Oğulları nisan ayında onu son bir kez görmeleri için hastaneye çağrıldı. Doktorları, beyin tomografilerinde aktivite görmediklerini söyledi.
Son bir tomografi çekildi ve bu kez az da olsa umut olduğu anlaşıldı. Umutlar boşa çıkmadı. Woolf, temmuz ayında uyandı. Tedavi sürecinin 67 gününü solunum cihazına bağlı geçiren Woolf’un inme nedeniyle bir tarafı felçliydi; konuşmakta güçlük çekiyordu. Konuşabilmesi ve yürüyebilmesi için rehabilitasyon süreci başladı.
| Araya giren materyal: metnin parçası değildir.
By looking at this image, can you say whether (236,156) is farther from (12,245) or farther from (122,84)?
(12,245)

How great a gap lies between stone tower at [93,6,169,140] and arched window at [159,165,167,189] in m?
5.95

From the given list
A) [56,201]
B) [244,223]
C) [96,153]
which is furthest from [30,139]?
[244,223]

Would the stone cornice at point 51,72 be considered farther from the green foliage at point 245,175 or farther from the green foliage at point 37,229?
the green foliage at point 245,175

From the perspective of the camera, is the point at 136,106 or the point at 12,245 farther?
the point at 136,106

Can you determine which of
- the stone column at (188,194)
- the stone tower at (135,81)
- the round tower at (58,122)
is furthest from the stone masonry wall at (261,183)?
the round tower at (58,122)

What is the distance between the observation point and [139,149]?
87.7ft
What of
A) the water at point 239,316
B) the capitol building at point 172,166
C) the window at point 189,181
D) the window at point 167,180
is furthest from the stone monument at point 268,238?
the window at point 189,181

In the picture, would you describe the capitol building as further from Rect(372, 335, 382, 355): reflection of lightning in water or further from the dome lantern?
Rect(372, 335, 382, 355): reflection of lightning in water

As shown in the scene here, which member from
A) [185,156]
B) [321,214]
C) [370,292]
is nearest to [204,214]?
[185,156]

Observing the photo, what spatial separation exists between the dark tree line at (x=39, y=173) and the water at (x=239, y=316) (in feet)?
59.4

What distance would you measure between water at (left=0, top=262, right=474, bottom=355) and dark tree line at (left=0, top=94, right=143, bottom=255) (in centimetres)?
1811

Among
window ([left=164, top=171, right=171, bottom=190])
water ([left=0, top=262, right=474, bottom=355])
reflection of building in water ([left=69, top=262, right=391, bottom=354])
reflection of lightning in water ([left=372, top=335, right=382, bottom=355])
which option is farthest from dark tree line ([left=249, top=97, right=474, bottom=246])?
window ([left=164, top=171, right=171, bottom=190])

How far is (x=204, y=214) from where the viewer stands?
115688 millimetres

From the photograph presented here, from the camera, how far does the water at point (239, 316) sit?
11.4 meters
Islington semtindeki Whittington Hastanesi’nin farklı servislerinde geçirdiği 126 günün ardından rehabilitasyon için başka bir kliniğe sevk edildi. Ve, oradaki 180 gün tamamlanınca, Covid-19 nedeniyle hastanede en uzun süre kalan hastalardan biri olan Woolf geçen cumartesi taburcu oldu.
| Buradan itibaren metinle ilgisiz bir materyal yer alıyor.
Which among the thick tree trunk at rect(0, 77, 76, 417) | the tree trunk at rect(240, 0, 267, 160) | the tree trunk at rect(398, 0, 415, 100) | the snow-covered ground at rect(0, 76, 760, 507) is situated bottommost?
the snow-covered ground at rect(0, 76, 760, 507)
33 yaşındaki oğlu Nicky ve 29 yaşındaki oğlu Sam Woolf, çok zor günler geçirdiklerini, babalarını tekrar evde görmekten büyük mutluluk duyduklarını anlattı.
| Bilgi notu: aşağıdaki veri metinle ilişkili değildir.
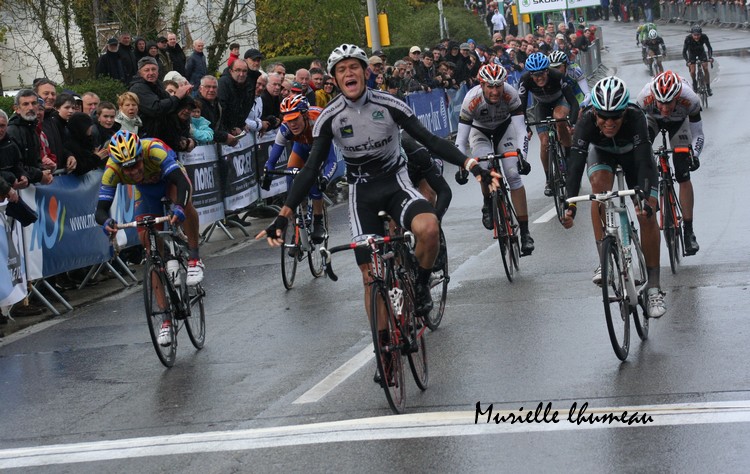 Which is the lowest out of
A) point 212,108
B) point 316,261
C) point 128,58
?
point 316,261

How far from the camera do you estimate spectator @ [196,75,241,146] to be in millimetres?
17453

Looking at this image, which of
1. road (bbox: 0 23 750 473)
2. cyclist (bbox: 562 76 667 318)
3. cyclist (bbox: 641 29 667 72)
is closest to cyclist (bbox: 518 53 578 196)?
road (bbox: 0 23 750 473)

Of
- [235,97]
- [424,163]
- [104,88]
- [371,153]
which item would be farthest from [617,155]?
[104,88]

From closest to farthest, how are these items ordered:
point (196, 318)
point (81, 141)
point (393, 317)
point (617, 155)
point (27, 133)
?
point (393, 317), point (617, 155), point (196, 318), point (27, 133), point (81, 141)

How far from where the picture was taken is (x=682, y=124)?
12344 mm

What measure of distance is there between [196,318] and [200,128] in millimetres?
6752

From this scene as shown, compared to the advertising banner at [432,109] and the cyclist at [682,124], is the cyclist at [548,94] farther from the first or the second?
the advertising banner at [432,109]

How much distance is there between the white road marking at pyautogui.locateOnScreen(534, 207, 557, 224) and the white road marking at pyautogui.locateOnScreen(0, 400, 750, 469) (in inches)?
338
Nicky Woolf, “Her gün hastaneden gelecek telefonu bekliyorduk” derken Sam Woolf ise “Bu zorlu süreci nasıl atlattığımızı kelimelerle ifade etmek çok zor” dedi.
Geoffrey Woolf ise ‘evde olmanın en güzel yanının hastanede olmamak’ olduğunu vurgulayarak, “İstediğim şeyi istediğim zaman yiyebiliyorum, ailemi, dostlarımı görebiliyorum” ifadelerini kullandı.
Yorumlar kapalı.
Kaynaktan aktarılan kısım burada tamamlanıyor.